According to the LA Times, Ms. Huppert “gives an arguable career best performance” in “Elle,” which won a second Golden Globe as the best foreign language film of the year.

“Elle” will be screened on Friday, January 20, at 7 p.m.; Saturday, January 21, at 4 and 7 p.m.; and on Sunday, January 22, at 4 p.m. For more information, visit www.whbpac.org or call the PAC box office at 631-288-1500 (which some people of a certain age might recall was also the box office phone number for the old UA theater that was transformed into the PAC).

A critically important issue will be examined at the Quogue Library on Sunday, January 22, at 2 p.m., when investigative reporter Isabel Vincent will discuss the question, “Is the First Amendment Under Siege?”

Ms. Vincent, who is a veteran of several lawsuits tied to this issue and First Amendment challenges, will discuss whether or not the new administration is likely to honor one of the most important tenets of a free society, or whether it will support the erosion of the right to freedom of speech by cracking down on what the new president has called a liberally biased media.

A discussion will follow. Visit www.quoguelibrary.org or call 631-653-4224 for more information.

Lovers of authentic French cuisine are in luck this week, courtesy of the Inn Spot on the Bay down by the Ponquogue Bridge. Cheffe Colette and Pam—beloved by many Quogue residents dating back to the time when they ran the Inn Spot across the street from the former Inn at Quogue—spent two weeks in Paris last month and tasted their way to new inspiration for this week’s installment of their ’round the world culinary tour.

Populated by signature French dishes, the menu for Friday and Saturday, January 20 and 21, at the Inn Spot on the Bay will feature such appetizers as: soupe a l’onion; a tartiflette of golden potatoes, caramelized onions and lardons with Roblochon cheese; pâté mousse; and croque monsieur.

Among the entrées will be: a Normandy style fillet of sole with oysters and shrimp; chicken baked with mustard in the Basque style; local Long Island duck with an apricot cassis glaze; a layered crepe cake with roasted vegetables and cheese; and venison medallions with morel cream, mushroom hash and truffled potato purée. There will also be sample plates, “street food” crepes and de rigueur French desserts on the menu.

On the first Thursday of February and continuing on Thursdays until spring, Colette will be offering the next series of cooking classes at the Inn Spot on the Bay. Classes include demonstration, recipes, some hands-on preparation, tastings and a glass of wine. The fee is $45 per class; buy 10 classes and get one free; reservations required.

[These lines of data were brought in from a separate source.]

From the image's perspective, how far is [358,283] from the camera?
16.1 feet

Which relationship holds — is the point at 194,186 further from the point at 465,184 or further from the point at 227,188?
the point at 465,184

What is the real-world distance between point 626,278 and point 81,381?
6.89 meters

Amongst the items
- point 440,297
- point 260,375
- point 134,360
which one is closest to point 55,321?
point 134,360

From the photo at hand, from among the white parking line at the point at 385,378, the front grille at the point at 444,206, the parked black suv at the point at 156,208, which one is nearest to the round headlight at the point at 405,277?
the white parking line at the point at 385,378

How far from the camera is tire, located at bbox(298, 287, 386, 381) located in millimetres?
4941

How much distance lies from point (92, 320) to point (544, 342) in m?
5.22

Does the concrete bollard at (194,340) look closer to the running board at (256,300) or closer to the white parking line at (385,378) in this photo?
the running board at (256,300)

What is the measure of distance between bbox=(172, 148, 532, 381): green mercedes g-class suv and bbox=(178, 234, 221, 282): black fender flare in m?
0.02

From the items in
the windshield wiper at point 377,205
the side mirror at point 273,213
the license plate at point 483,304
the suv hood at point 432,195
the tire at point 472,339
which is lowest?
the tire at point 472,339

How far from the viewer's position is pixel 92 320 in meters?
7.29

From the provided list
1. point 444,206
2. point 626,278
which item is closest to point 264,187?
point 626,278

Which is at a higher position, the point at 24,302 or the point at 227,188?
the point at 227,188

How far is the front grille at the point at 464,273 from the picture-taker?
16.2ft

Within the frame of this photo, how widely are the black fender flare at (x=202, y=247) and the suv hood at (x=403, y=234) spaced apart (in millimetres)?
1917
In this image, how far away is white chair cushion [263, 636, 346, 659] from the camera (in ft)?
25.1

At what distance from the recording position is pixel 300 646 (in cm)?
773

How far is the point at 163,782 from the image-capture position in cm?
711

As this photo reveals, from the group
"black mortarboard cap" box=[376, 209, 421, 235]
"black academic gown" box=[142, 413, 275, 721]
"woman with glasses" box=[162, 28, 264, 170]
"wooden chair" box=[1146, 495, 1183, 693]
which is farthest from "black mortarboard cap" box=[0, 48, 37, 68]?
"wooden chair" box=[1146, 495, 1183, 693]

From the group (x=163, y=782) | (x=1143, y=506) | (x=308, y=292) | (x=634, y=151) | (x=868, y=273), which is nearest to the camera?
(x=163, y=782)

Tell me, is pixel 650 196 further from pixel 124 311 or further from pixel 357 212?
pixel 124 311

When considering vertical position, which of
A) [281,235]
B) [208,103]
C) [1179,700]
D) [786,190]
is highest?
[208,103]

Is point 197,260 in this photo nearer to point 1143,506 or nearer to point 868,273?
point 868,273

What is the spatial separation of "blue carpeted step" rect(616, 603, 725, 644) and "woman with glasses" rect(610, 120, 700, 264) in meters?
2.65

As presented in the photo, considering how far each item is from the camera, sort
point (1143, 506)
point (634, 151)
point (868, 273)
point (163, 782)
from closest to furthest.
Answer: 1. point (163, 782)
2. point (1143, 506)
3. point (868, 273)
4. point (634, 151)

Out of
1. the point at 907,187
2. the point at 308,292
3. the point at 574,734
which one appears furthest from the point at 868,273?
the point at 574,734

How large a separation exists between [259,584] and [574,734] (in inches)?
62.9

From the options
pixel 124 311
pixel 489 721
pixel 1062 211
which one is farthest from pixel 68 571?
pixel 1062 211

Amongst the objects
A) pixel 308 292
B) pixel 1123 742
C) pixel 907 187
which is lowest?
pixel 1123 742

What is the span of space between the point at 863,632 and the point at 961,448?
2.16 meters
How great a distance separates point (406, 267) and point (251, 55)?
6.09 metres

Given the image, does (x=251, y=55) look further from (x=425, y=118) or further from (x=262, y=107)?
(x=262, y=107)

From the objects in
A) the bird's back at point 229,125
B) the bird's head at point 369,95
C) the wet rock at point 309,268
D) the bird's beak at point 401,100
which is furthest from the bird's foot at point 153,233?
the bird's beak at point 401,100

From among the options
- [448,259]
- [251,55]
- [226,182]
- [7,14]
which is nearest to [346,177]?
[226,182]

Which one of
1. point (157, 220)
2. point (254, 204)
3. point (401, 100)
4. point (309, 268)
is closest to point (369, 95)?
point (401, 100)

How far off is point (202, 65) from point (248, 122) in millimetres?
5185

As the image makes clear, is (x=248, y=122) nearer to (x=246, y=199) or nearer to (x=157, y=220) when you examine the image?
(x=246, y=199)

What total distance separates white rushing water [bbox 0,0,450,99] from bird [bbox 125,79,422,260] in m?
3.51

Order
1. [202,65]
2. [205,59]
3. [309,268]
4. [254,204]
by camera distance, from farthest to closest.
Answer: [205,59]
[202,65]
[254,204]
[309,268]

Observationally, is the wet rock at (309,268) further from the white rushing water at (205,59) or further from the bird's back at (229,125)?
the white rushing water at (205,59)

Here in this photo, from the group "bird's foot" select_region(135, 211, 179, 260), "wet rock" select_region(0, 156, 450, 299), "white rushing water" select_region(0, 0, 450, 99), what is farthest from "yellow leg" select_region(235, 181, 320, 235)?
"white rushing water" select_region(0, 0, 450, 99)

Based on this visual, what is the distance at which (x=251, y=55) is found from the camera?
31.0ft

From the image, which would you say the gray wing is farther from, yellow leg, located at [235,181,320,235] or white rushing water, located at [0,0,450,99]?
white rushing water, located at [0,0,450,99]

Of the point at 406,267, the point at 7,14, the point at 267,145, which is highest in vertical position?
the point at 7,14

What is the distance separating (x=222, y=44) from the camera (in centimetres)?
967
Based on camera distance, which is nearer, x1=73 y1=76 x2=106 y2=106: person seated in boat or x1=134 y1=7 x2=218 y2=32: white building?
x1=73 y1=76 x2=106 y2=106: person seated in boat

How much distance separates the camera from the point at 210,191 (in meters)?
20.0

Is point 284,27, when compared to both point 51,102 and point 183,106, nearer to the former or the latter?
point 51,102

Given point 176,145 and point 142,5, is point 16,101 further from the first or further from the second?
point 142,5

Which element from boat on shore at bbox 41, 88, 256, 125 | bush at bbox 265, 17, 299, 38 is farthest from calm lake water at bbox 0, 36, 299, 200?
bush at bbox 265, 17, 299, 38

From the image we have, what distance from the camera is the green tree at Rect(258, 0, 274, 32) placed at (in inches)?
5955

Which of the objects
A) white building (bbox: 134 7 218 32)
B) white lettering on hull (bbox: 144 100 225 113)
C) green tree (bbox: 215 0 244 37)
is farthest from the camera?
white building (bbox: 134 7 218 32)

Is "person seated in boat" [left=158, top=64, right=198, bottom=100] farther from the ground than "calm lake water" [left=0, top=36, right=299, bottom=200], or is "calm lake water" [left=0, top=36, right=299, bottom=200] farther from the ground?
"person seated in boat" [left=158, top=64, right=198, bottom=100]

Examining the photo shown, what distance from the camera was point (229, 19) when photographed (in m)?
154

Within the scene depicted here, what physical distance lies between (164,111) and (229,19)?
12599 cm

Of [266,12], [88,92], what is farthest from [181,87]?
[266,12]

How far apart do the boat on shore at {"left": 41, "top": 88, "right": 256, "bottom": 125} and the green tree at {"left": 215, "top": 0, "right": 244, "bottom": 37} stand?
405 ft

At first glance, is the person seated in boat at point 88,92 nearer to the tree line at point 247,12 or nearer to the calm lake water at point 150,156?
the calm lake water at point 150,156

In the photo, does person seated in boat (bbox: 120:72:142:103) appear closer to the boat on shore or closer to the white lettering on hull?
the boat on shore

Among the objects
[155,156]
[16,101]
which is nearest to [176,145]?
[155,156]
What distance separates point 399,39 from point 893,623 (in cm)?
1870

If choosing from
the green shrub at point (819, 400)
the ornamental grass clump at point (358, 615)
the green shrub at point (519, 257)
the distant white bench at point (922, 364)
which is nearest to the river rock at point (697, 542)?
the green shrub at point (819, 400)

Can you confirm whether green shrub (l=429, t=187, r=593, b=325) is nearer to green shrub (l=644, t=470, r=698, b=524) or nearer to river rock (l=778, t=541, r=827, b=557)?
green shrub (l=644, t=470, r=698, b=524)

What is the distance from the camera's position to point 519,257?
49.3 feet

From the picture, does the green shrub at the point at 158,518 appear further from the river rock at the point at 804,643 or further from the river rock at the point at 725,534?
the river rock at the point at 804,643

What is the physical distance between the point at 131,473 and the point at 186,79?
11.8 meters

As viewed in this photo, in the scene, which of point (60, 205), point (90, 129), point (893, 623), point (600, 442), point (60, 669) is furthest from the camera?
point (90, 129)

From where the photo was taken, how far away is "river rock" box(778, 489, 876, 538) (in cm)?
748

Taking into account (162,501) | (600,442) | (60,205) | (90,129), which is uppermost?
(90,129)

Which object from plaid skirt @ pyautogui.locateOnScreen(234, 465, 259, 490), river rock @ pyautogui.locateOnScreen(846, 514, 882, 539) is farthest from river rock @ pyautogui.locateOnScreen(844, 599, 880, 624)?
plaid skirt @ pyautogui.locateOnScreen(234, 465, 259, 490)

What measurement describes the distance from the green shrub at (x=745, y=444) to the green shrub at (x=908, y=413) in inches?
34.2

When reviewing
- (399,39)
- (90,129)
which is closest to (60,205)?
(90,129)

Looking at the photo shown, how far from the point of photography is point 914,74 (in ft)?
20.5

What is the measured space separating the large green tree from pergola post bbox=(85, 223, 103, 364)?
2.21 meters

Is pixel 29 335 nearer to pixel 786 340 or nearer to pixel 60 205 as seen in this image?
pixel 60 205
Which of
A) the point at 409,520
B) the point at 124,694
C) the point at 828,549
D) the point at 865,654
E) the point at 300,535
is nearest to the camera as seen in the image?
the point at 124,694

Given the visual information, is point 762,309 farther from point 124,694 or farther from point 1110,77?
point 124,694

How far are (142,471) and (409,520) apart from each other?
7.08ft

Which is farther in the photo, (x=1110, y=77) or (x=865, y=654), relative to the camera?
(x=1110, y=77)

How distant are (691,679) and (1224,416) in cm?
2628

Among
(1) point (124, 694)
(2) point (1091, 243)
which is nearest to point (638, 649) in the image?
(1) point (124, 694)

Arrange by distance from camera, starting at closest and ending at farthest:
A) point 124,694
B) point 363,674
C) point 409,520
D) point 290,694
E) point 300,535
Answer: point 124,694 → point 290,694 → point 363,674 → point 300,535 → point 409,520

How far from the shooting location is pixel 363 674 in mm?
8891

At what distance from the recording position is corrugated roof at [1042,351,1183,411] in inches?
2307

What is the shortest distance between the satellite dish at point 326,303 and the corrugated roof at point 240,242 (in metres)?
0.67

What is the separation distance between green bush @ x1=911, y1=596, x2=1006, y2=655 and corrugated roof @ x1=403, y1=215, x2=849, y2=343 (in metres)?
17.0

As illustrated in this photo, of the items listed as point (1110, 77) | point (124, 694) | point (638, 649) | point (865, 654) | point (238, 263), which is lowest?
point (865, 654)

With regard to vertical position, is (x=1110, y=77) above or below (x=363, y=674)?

For more information or to make reservations, visit www.theinnspot.com or call 631-728-1200. If the spirit moves you, please don’t hesitate to let Colette or Pam know that you learned about their offerings from At Quaquanantuck.

Next up on the international tour: Japan, on January 27 and 28.

A very cool—but hopefully not frigid—program is coming up a week hence, on Saturday, January 28, from 5:30 to 7:30 p.m. at the Quogue Wildlife Refuge: this will be the fourth year of the very popular “Light the Night Winter Trail Walks.”

In this program for adults and families, visitors are asked to arrive at the QWR between 5:30 and 6:30 p.m. for a serene self-guided stroll through the gently illuminated forest trails. Whilst walking, they will (it is hoped) enjoy the ambient sights and sounds of the Refuge courtesy of that most masterful minimalist composer, Mother Nature.

Trail walkers are invited to warm up in the Nature Center near the cozy fireplace with hot cocoa and cookies either prior to or after their perambulations. The fee is $10, or $5 for kids 12 and under. Check-in will be inside the Nature Center; and reservations (631-653-4771) are preferred but walk-ins will be welcome.